::: Provided data :::

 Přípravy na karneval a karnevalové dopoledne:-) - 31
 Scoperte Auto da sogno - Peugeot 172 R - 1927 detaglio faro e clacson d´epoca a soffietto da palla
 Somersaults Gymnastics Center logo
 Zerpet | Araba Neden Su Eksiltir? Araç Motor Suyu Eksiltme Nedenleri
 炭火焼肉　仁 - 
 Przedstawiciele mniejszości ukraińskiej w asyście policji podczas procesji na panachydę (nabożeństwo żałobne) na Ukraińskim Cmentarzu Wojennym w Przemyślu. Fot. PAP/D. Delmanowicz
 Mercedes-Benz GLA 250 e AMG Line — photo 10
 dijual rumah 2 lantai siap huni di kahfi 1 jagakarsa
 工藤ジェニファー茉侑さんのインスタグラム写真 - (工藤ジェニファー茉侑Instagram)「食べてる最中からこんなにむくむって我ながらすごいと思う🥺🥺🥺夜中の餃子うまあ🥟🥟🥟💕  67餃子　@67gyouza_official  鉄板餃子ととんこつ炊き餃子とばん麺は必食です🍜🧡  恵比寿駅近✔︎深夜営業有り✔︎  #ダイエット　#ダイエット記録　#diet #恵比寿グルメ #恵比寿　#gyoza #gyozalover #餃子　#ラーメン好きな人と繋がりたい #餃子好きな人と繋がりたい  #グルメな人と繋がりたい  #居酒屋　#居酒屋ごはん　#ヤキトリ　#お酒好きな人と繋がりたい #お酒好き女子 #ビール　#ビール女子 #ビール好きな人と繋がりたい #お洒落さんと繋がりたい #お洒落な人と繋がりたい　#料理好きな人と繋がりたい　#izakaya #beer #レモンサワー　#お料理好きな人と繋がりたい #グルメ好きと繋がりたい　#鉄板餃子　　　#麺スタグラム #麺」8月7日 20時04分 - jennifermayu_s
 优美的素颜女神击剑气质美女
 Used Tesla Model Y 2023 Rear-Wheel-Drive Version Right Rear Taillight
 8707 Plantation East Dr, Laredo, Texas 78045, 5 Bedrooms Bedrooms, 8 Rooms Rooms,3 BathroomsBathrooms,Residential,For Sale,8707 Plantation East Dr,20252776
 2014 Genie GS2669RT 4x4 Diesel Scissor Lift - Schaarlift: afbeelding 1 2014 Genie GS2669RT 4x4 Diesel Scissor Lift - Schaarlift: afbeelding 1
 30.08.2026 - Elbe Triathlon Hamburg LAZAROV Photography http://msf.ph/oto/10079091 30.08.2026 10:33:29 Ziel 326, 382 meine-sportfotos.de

:::

» **Requirement**
Working from the records above, write out verbatim only the lines from the line containing "Scoperte Auto da" through the line containing "Mercedes-Benz GLA 250 e AMG Line — photo 10".

» **Reply**
 Scoperte Auto da sogno - Peugeot 172 R - 1927 detaglio faro e clacson d´epoca a soffietto da palla
 Somersaults Gymnastics Center logo
 Zerpet | Araba Neden Su Eksiltir? Araç Motor Suyu Eksiltme Nedenleri
 炭火焼肉　仁 - 
 Przedstawiciele mniejszości ukraińskiej w asyście policji podczas procesji na panachydę (nabożeństwo żałobne) na Ukraińskim Cmentarzu Wojennym w Przemyślu. Fot. PAP/D. Delmanowicz
 Mercedes-Benz GLA 250 e AMG Line — photo 10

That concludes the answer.